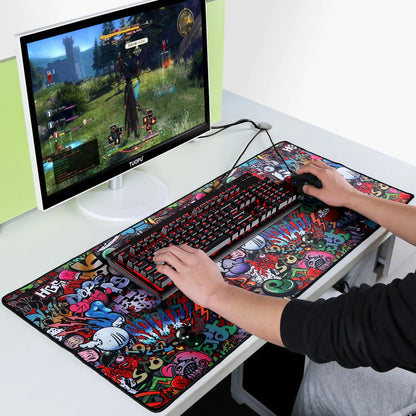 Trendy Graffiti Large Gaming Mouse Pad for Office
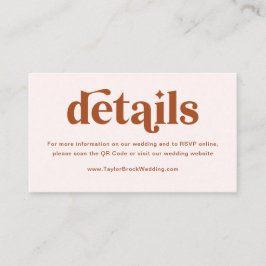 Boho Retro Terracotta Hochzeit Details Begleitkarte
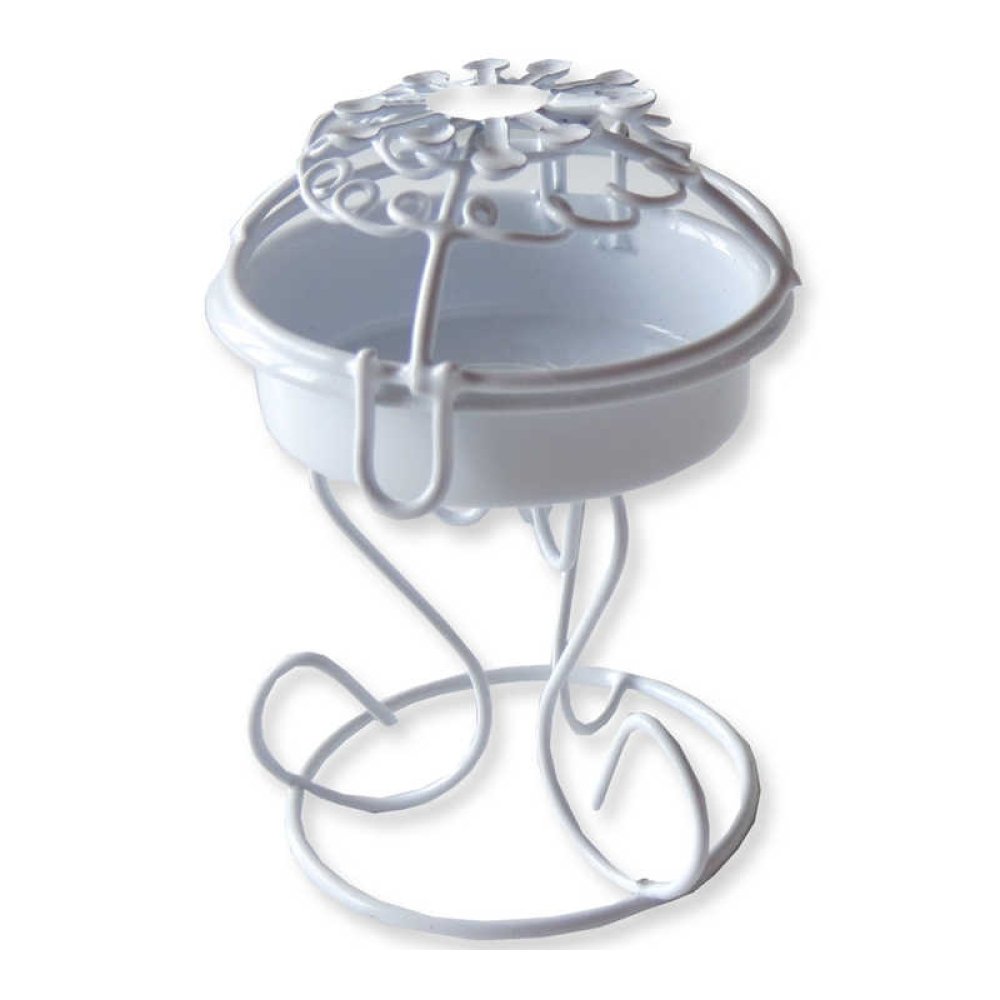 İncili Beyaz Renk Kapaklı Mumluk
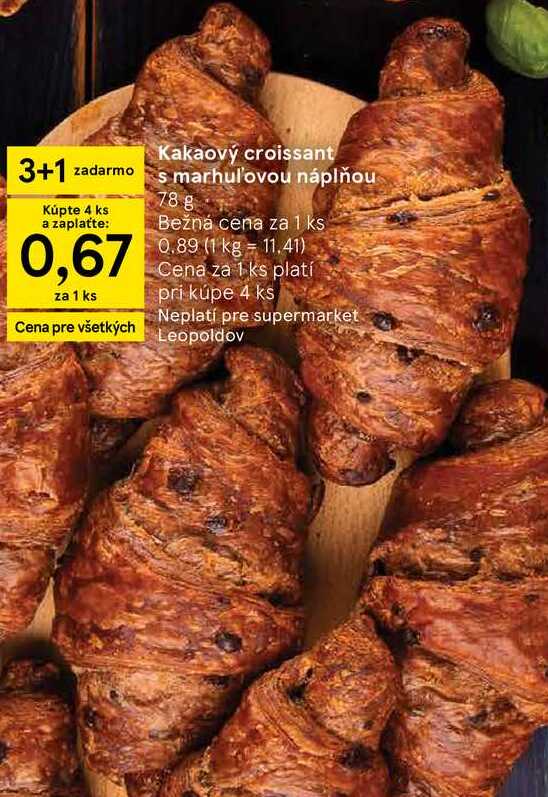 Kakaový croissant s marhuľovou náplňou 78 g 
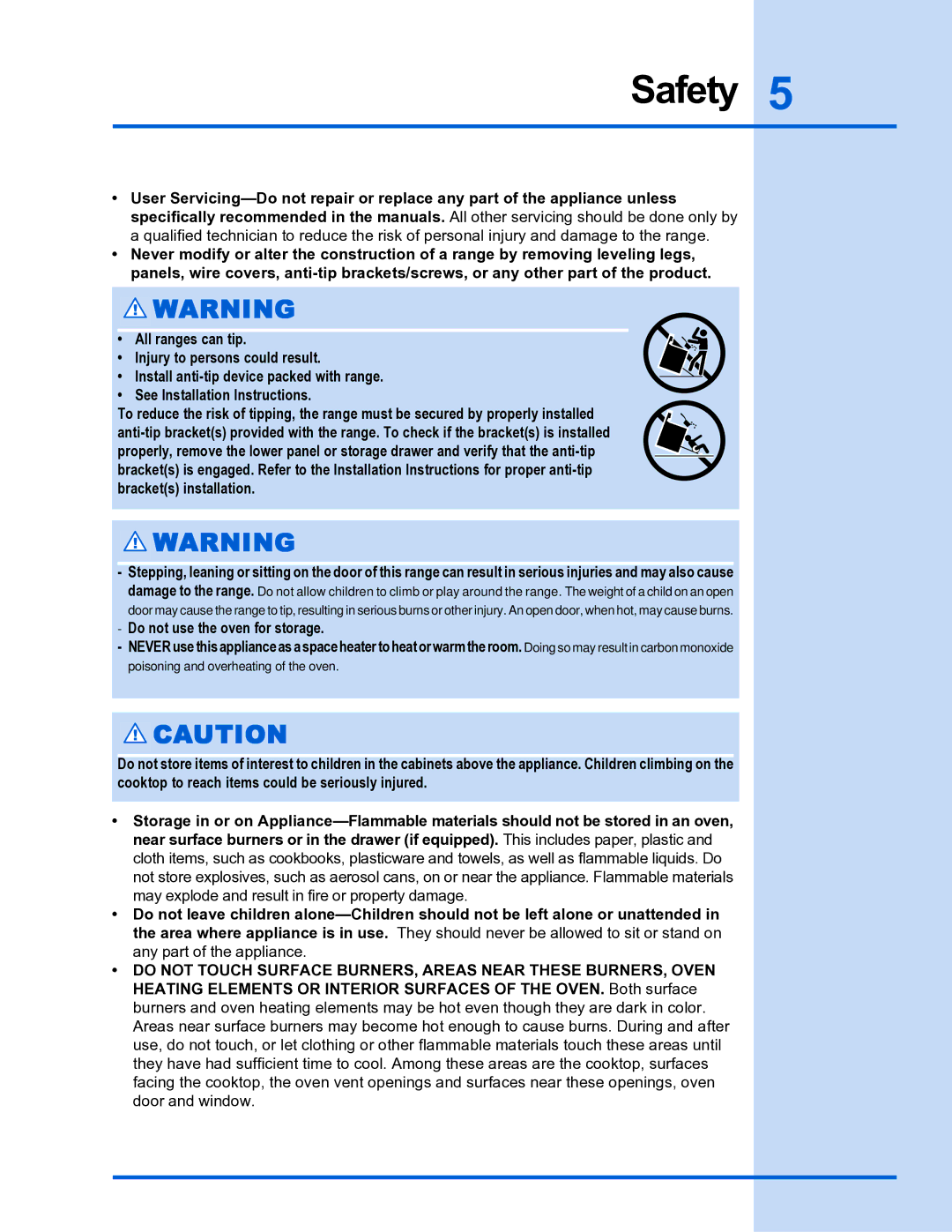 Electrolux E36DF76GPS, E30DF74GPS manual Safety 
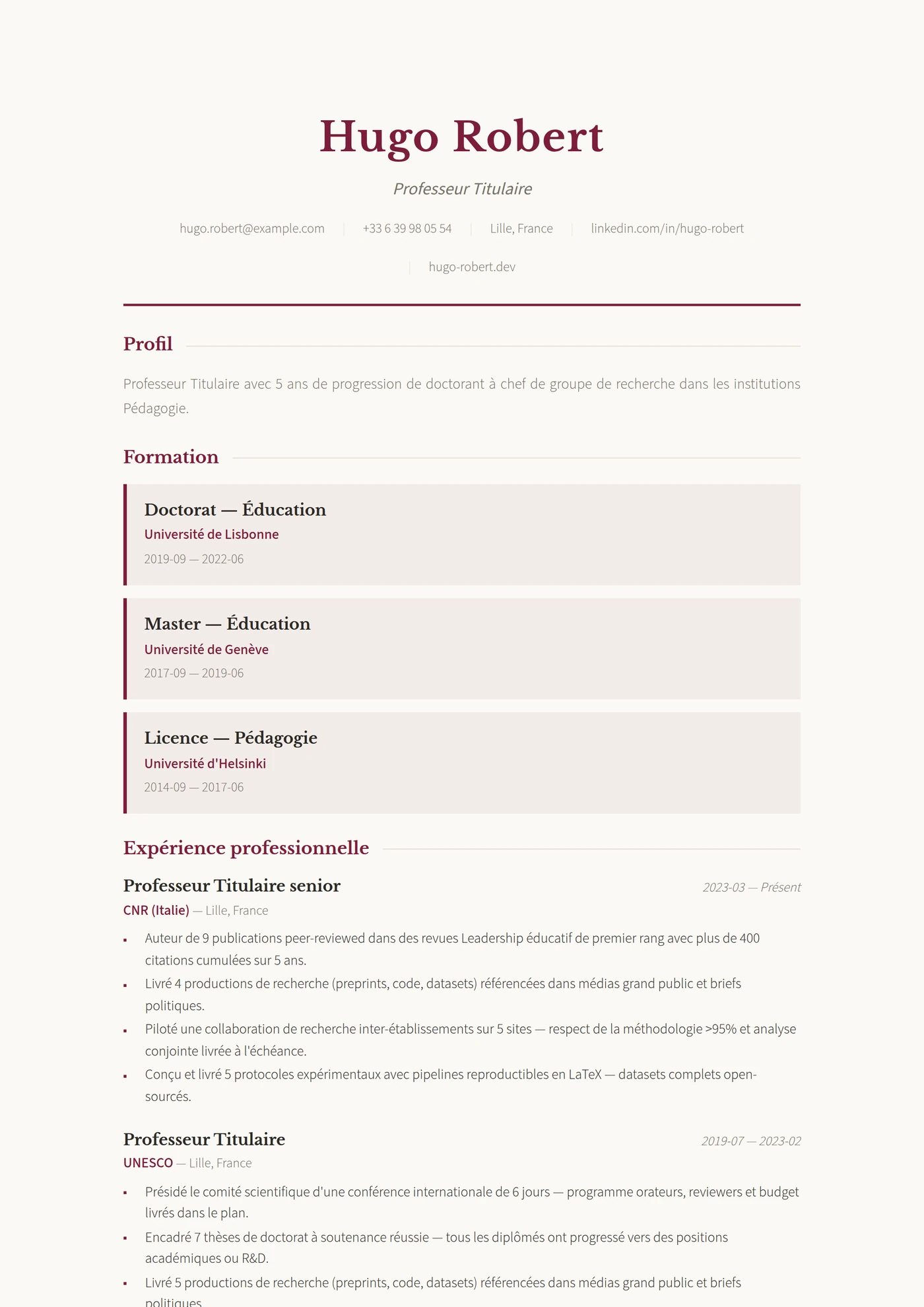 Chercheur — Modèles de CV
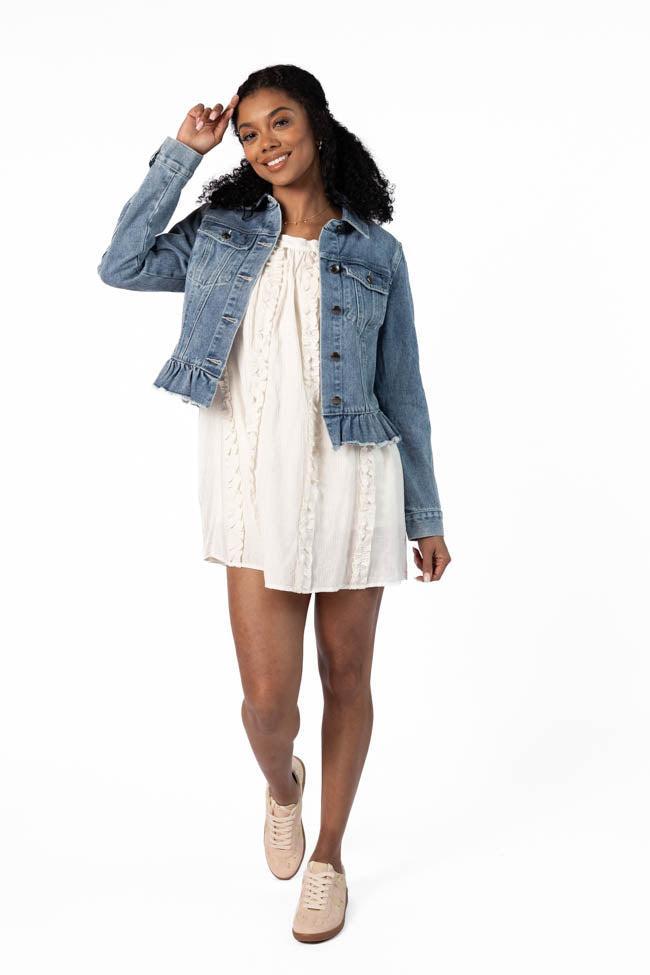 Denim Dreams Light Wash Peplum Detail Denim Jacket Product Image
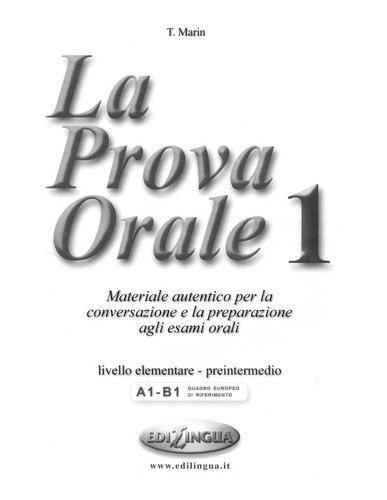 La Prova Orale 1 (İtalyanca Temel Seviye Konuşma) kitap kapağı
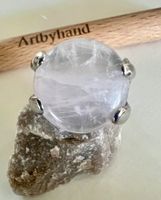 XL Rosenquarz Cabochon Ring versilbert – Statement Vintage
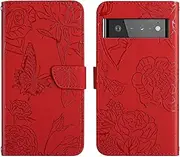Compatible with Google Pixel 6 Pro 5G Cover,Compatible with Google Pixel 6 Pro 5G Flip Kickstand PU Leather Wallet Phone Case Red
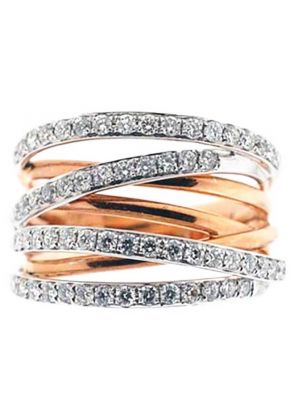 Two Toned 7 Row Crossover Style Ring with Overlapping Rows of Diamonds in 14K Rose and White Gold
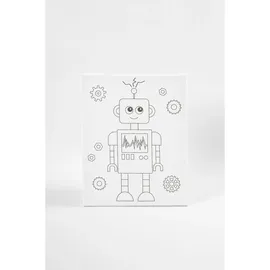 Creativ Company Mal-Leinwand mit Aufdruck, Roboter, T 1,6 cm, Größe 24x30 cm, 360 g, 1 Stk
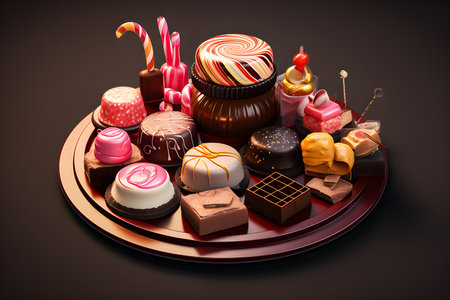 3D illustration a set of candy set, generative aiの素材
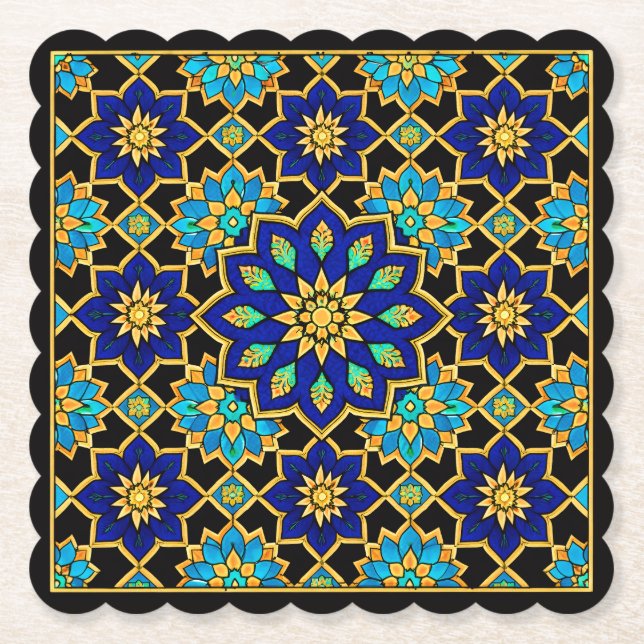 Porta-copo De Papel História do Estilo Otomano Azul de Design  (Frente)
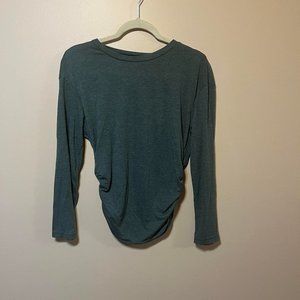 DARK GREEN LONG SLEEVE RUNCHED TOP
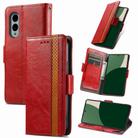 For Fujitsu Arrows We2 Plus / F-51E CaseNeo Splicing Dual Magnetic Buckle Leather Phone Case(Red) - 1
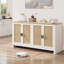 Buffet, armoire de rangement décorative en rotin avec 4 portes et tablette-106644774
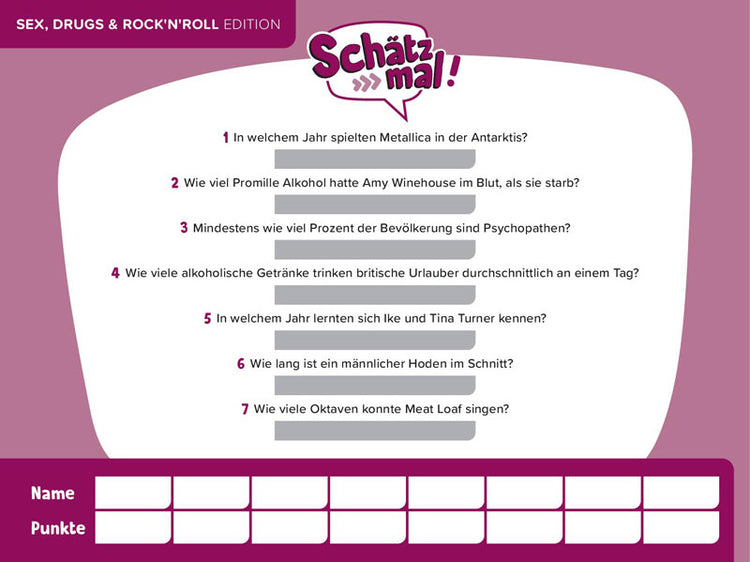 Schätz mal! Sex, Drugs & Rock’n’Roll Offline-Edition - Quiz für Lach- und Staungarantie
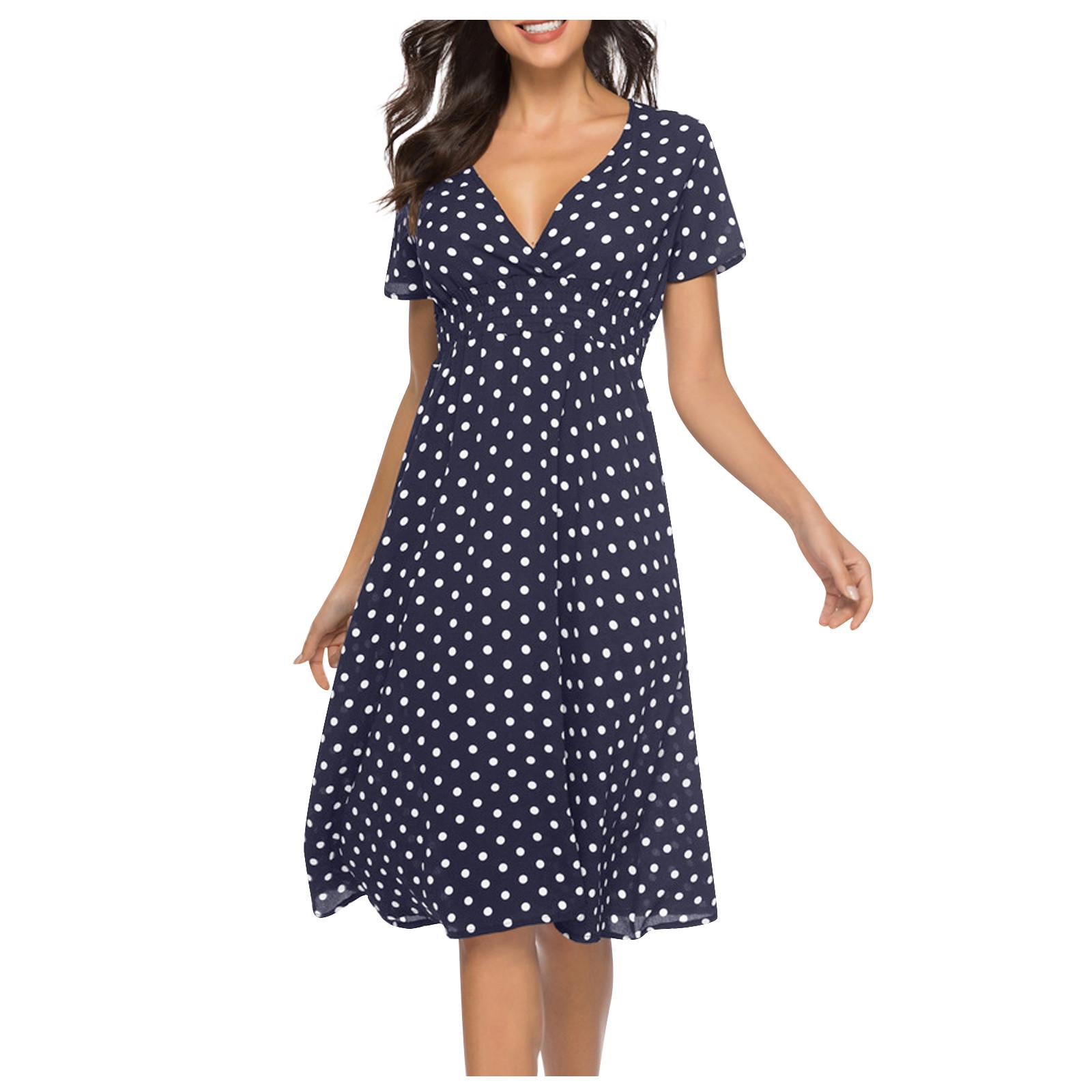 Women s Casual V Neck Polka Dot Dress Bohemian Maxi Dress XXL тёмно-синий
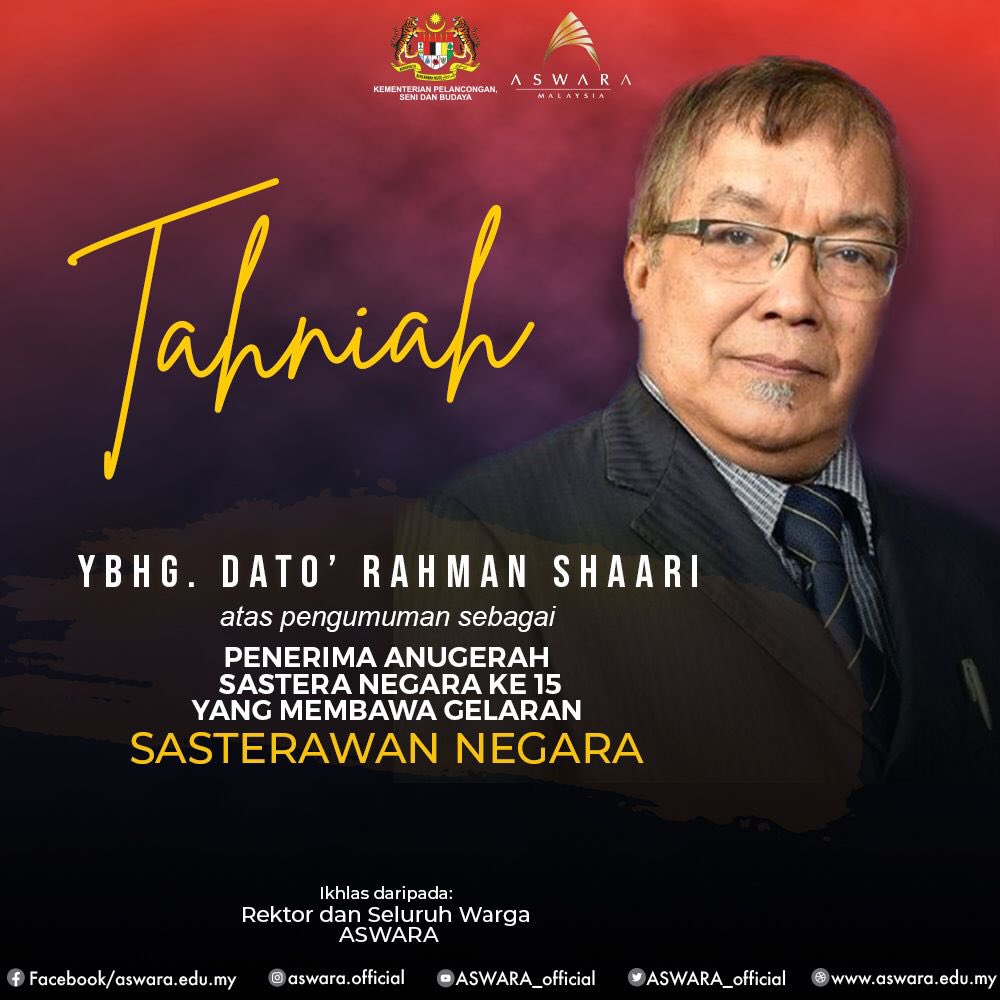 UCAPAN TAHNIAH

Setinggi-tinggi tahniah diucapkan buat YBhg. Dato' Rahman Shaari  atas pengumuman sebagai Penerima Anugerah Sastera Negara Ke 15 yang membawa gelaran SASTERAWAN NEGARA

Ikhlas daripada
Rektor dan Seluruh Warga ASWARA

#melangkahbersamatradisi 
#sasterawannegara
::::
## Task to carry out
Out of the records above, return only the lines from the one with "Compatible with Google Pixel 6 Pro 5G Cover,Compatible" through the one with "Setinggi-tinggi tahniah diucapkan", exactly, and none of the pictures.

## Task result
Compatible with Google Pixel 6 Pro 5G Cover,Compatible with Google Pixel 6 Pro 5G Flip Kickstand PU Leather Wallet Phone Case Red
 Two Toned 7 Row Crossover Style Ring with Overlapping Rows of Diamonds in 14K Rose and White Gold
 Creativ Company Mal-Leinwand mit Aufdruck, Roboter, T 1,6 cm, Größe 24x30 cm, 360 g, 1 Stk
 3D illustration a set of candy set, generative aiの素材
 Porta-copo De Papel História do Estilo Otomano Azul de Design  (Frente)
 DARK GREEN LONG SLEEVE RUNCHED TOP
 For Fujitsu Arrows We2 Plus / F-51E CaseNeo Splicing Dual Magnetic Buckle Leather Phone Case(Red) - 1
 Buffet, armoire de rangement décorative en rotin avec 4 portes et tablette-106644774
 Schätz mal! Sex, Drugs & Rock’n’Roll Offline-Edition - Quiz für Lach- und Staungarantie
 Women s Casual V Neck Polka Dot Dress Bohemian Maxi Dress XXL тёмно-синий
 UCAPAN TAHNIAH

Setinggi-tinggi tahniah diucapkan buat YBhg. Dato' Rahman Shaari  atas pengumuman sebagai Penerima Anugerah Sastera Negara Ke 15 yang membawa gelaran SASTERAWAN NEGARA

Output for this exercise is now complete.